The appalling events in Las Vegas, in any sane world, should result in a rigorous examination of the question of gun ownership in a civilised world.

The United States has around 88 guns for every 100 citizens. It also has 11 times more mass killings than any other developed country, which can only serve to suggest a re-examination of the meaning of the world ‘developed’. 

More than 100,000 people every year are shot in the USA and just under a third of them die as a result. Over a comparable period in the UK, deaths by gunshot were 104, of which 77 were suicide. It would be absurd to deduce that those figures bore no relation to the availability of guns to the populace.

For reasons dating back to the war of independence and the ensuing civil war, gun ownership has become a symbol for many Americans of their freedom and is enshrouded in their constitution’s second amendment, “A well regulated Militia, being necessary to the security of a free State, the right of the people to keep and bear arms, shall not be infringed.”

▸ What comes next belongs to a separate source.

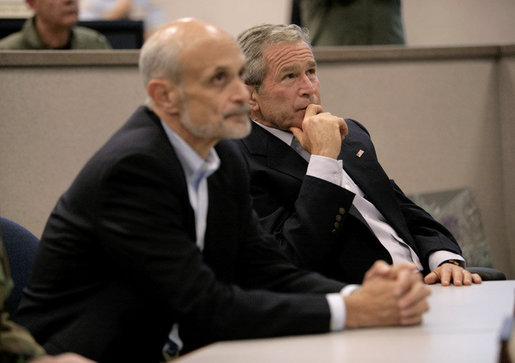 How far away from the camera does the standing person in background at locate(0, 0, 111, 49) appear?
3374mm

The purpose was clear in 1791, (when the Bill of Rights was enacted), in a less ordered or safe society. Its interpretation since and its rigorous defence by the powerful National Rifle Association has insured that access to weaponry of the kind used by the Las Vegas mass killer is alarmingly easy.

Any President who has tried to reduce that ease of access has found himself in deep trouble. And on his showing to date, it is a fair bet that Donald Trump (whose support comes almost exclusively from those who consider possession of a firearm as a man’s inalienable right) is not the man to do anything to infringe that right or damage his power base. 

Every time there is a mass killing whether by a deranged citizen or a terrorist, the sale of guns increases. That makes about as much sense as dealing with the problem of speeding by making faster cars, or burglary by leaving doors open. 

But the gun is so hardwired into the American psyche as to render it unthinkable that even a small fraction of those 111 million firearms currently owned by members of the public would be willingly surrendered.

The UK may have its faults, but boy we are lucky that we don’t share that insane gun lust.